Factors leading to the increased adoption of wearable technology include portability, convenience, operational efficiency, and much more. Consumers use the technology for fitness and health tracking, mobile notifications at a glance, and even contactless payments. The business world has taken notice, and wearable technology is quickly becoming a fixture in manufacturing.
Effective equipment maintenance is central to the success of any manufacturer. So it goes without saying that the ability to predict impending failures and mitigate downtime is incredibly valuable. Predictive maintenance offers that and much more. Ultimately, it gives manufacturers the means to optimize maintenance tasks in real-time, extending the life of their machinery and avoiding disruption to their operations.
Manufacturing Trends for 2020
Predictive maintenance isn’t without its challenges, however.
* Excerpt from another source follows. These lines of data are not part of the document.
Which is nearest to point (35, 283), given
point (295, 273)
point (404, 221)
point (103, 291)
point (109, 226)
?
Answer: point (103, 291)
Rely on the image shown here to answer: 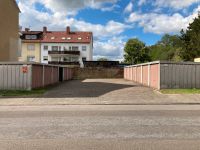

In order to successfully build a predictive maintenance model, manufacturers must gain insights into the variables they are collecting and how often certain variable behaviours occur on the factory floor.
It’s absolutely critical for organizations to possess knowledge about each specific machine and a strong data set of previous failures in which they can review. Manufacturers also have to make decisions around lead time, as the closer to failure the machine is allowed to go, the more accurate the prediction.
The fourth Industrial Revolution isn’t coming. It’s already arrived. Smart factories are becoming the norm in manufacturing, and they rely on connected devices to leverage technologies like automation, artificial intelligence, IoT and more. In addition, these devices are capable of sensing their environments and interacting with one another. As factories of the future continue to grow and develop, manufacturers need to realize that they must be able to adapt the networks that connect them – efficiently and effectively.
5G networks offer opportunities to create new revenue streams. Along with energy and utility, the manufacturing industry stands to benefit the most from the rise of 5G.
The factories of tomorrow will rely greatly on sensor technology, and they will prominently feature connected tools, utilizing data to guide the tasks of the workforce. According to AT&T, 5G’s high capacity, wireless flexibility and low-latency performance make it the perfect choice to support manufacturers in these efforts.
Manufacturing trends 2020
VIRTUAL REALITY AND AUGMENTED REALITY
When it comes to using augmented reality (AR) and virtual reality (VR) in manufacturing, the possibilities are endless. Whether it’s helping make processes more efficient, improving product design and development, or maintaining machinery more effectively, these technologies are capable of becoming game-changers in the coming years.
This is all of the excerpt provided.